In fact, part of the reason why Ruthie has played volleyball since sixth grade is because of the girls that she’s played with. This year, the team is a mix of girls who have made the school’s team in past years along with some new faces sprinkled in, which allowed Ruthie to branch out.
Ruthie’s teammates, old and new, elected her as one of the three team captains. As a captain, Ruthie’s duties include aiding communication between the coaches and the team, providing leadership at practice and in games, and always setting a good example.
“I feel very honored because my friends chose me to be one of the captains on the team,” Ruthie said. “I try to be a good role model and give 100 percent in all games and practices. That is the only way that you will get better.”
Going into freshman year, Ruthie knew there was no guarantee that she would make the team just because she had in past years. Over the summer, she practiced hard and kept in shape.
But the hard work didn’t fade away with the summer sun. The volleyball team can be found in the gym every day for around two and a half hours to three hours. The only exceptions are game days, which are Tuesdays and Thursdays.
Ruthie’s devotion to athletics flows through her love of volleyball and spills into her love for another sport: soccer. She has been playing soccer for so long that it is difficult for her to remember exactly when and why she began to play in the first place.
“I just really like competing against other people, and I just love the game which kind of keeps me going,” Ruthie said. “I just like to push myself and be as good as I could get.”

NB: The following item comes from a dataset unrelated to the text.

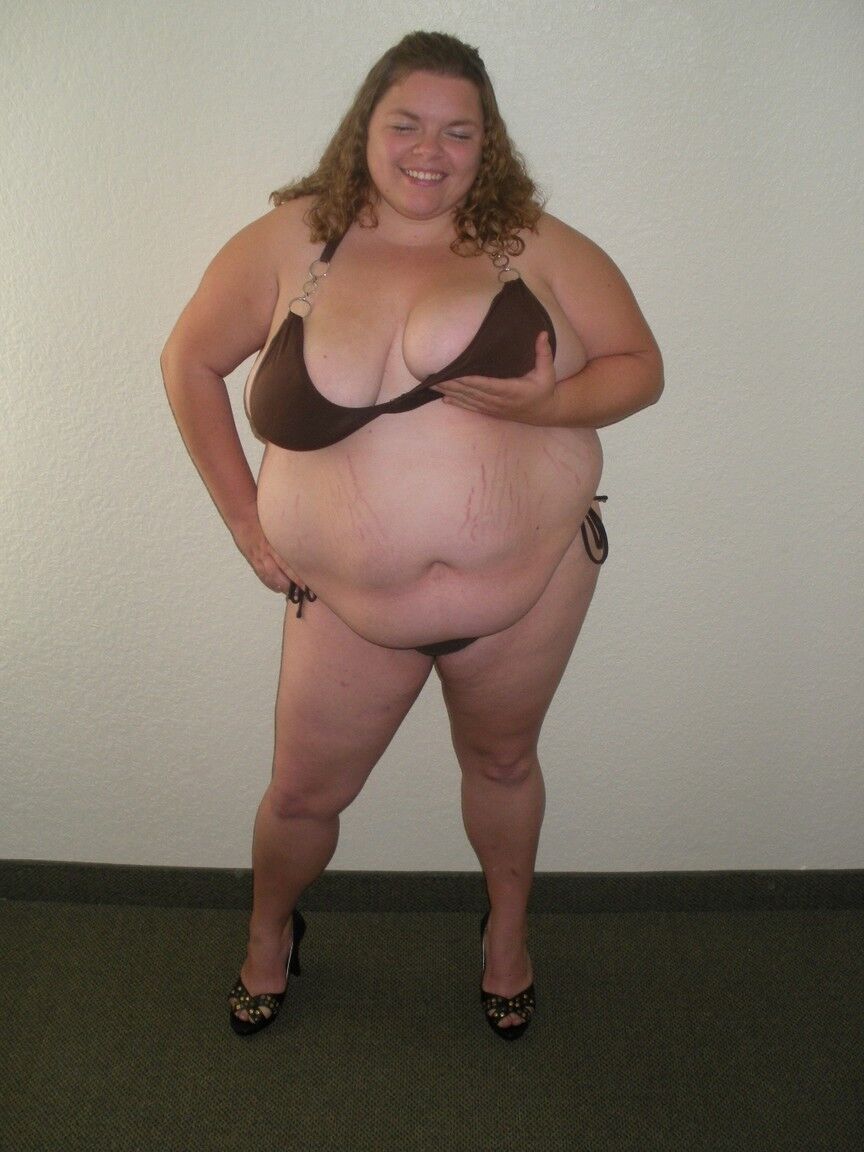 15P Mulher obesa Hunny Bunz deixa seus seios moles livres do biquíni após o banho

One way Ruthie pushes herself is by participating in many summer camps, such as Western Michigan’s ID soccer camp that she attended last summer. Every day for four days, the campers had a game to show off their skills. These showcase-like games allow many college scouts to get a good look at up-and-coming players.
“It was kind of intimidating, and it was a lot of pressure too, but it was fun,” Ruthie said.
Ruthie has played at many different clubs throughout the years. When she was young, she played for the YMCA and eventually switched over to Rapids. For the past three years and into the present, Ruthie has played at Midwest United. This year, she made the Premier One team, one of the most prestigious teams the club has to offer.
For an hour and a half on Tuesdays and Thursdays, Ruthie and the Premier One team hit the field for practice. They play games in Detroit and many other places in Michigan, as well as Indiana and Florida.
“On many days, I am going from a volleyball practice or game right to a soccer practice or game,” Ruthie said. “I try to give it my all during both practices. I don’t complain because I know that I have made a commitment to both teams.”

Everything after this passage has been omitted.